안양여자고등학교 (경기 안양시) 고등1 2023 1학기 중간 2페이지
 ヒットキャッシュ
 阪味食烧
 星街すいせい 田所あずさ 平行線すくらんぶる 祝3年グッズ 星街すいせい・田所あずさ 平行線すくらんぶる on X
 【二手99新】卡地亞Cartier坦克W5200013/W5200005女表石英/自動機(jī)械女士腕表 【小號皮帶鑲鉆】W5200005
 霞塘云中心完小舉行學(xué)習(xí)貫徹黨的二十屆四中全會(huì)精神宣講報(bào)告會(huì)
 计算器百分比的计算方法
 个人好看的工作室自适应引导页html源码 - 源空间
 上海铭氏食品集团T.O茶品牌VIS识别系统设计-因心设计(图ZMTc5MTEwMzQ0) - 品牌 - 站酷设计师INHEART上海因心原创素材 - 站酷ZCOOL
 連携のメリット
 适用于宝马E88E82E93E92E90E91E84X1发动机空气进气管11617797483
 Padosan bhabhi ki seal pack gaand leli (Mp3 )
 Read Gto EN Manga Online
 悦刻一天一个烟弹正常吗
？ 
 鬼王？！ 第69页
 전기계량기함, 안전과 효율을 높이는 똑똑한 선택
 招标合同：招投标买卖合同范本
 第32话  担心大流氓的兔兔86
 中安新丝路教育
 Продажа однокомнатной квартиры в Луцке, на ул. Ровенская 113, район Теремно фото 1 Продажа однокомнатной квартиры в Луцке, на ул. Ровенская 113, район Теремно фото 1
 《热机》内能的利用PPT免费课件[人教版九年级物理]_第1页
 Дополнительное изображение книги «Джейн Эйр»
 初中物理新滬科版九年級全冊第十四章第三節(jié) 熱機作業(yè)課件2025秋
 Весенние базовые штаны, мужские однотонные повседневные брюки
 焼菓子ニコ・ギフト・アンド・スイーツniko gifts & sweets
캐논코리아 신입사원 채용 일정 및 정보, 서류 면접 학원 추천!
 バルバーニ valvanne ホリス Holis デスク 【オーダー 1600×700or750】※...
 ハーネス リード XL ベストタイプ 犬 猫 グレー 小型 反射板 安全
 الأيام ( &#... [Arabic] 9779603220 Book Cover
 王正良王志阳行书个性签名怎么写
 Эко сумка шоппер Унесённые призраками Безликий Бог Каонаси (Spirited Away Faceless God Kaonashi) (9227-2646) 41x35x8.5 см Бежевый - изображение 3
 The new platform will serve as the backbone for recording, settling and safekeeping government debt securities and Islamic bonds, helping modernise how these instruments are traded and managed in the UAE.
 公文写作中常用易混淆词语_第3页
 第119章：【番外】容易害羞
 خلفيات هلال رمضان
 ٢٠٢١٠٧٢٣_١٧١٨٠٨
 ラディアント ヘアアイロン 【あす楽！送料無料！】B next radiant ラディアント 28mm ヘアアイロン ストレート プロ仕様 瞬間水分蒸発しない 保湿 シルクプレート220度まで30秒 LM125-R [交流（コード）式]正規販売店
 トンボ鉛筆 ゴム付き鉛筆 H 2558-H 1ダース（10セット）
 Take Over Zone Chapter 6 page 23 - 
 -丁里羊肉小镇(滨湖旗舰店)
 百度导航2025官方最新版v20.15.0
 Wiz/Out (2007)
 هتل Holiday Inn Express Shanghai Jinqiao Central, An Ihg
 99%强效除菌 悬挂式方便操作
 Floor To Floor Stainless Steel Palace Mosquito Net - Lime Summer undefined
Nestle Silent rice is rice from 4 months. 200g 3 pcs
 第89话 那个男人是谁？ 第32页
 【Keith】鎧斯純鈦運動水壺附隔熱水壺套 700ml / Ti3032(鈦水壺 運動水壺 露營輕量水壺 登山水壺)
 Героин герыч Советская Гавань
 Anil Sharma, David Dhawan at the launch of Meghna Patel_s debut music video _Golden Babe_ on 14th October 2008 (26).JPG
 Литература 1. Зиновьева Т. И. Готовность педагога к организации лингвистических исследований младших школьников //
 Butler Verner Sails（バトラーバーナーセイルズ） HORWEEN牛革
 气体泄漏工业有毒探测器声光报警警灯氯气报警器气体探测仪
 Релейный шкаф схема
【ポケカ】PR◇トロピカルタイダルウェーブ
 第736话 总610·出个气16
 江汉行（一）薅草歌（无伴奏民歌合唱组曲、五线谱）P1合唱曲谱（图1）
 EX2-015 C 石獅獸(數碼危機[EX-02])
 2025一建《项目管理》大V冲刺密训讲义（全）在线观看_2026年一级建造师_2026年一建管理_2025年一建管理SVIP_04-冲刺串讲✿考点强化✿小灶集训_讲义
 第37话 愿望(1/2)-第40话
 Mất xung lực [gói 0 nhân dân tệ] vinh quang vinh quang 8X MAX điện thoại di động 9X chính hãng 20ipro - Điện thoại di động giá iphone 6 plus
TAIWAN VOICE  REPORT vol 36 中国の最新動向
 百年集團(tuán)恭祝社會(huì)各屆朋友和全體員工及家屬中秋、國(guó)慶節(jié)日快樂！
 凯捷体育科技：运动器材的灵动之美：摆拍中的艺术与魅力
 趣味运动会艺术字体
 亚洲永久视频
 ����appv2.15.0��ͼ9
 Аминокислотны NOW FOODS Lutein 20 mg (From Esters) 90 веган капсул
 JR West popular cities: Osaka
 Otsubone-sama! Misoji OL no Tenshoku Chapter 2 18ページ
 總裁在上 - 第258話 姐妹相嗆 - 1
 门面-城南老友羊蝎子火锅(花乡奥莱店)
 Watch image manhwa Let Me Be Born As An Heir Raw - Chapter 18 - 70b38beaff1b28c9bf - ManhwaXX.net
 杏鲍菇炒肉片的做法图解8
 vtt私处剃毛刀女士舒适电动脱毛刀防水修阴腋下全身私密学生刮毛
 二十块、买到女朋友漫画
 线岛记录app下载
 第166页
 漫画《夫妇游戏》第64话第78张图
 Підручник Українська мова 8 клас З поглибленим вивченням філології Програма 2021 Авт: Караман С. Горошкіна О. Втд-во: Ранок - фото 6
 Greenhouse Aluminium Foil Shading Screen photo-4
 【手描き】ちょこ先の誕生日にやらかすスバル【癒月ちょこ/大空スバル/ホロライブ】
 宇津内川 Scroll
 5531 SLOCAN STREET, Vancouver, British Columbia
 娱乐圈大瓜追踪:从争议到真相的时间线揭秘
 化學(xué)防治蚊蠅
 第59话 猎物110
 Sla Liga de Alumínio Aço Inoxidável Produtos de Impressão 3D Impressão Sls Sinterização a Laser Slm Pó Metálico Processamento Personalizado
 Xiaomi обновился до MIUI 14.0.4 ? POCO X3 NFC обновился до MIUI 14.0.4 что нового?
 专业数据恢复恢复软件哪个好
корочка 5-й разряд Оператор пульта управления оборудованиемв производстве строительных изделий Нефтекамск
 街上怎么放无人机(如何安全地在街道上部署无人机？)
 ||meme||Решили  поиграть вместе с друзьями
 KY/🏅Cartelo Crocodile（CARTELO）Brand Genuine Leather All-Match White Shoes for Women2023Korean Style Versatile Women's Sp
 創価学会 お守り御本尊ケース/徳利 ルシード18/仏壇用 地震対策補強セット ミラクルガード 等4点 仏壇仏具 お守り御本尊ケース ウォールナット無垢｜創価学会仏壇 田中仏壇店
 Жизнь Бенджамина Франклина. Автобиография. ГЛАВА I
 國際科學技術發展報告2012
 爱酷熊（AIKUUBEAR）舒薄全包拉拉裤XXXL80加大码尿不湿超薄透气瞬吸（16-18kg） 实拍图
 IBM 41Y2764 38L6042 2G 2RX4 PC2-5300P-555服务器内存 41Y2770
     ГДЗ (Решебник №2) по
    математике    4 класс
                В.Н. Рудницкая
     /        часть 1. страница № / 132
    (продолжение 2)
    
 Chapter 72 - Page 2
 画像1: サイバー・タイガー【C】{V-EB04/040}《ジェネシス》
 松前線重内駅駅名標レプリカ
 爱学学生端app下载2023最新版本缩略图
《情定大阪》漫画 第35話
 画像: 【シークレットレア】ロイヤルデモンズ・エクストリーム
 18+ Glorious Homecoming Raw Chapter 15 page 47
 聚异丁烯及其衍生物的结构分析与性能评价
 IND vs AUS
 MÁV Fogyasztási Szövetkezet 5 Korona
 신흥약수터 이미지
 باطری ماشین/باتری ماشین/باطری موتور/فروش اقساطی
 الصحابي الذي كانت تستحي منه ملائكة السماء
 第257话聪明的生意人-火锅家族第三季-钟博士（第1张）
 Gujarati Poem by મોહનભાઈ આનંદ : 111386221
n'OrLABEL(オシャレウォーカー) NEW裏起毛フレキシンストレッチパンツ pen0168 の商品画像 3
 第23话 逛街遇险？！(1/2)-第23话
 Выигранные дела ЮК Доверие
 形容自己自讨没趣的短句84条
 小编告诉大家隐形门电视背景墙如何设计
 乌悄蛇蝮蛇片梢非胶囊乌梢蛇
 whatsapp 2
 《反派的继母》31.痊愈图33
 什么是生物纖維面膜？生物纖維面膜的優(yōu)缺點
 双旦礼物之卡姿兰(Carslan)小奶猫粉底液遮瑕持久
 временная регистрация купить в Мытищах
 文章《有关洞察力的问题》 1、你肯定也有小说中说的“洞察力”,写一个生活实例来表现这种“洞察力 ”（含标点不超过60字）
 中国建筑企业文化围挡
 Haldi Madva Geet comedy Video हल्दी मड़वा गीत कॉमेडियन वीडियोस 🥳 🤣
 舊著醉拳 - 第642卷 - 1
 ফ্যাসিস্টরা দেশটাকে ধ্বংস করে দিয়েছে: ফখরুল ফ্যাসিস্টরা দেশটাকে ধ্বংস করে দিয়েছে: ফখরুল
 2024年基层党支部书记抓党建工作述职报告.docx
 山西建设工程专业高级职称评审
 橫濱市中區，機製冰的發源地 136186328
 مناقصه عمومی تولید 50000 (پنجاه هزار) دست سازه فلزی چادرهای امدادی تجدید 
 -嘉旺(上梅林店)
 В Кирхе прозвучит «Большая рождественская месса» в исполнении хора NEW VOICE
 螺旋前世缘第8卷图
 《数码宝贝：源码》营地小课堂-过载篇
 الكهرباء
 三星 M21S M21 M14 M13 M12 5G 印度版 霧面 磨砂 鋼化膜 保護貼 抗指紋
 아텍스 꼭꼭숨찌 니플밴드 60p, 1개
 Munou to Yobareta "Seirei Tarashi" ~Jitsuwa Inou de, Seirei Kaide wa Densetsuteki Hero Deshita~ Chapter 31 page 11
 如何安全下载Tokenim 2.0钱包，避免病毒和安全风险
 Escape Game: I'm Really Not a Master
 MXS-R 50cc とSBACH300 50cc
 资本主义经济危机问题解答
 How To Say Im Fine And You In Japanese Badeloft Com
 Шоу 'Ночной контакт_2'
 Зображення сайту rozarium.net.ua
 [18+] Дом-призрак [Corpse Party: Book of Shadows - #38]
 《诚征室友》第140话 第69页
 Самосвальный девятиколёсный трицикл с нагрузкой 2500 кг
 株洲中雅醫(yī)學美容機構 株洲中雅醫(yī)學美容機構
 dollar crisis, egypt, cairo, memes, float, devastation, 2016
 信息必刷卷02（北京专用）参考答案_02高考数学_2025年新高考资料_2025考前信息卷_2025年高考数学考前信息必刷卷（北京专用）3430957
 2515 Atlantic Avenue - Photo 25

====

WHAT THIS TASK INVOLVES =>
Keep only the lines from the one containing "信息必刷卷02（北京专用）参" through the final line of the records, and transcribe them exactly.

FINISHED TASK =>
 信息必刷卷02（北京专用）参考答案_02高考数学_2025年新高考资料_2025考前信息卷_2025年高考数学考前信息必刷卷（北京专用）3430957
 2515 Atlantic Avenue - Photo 25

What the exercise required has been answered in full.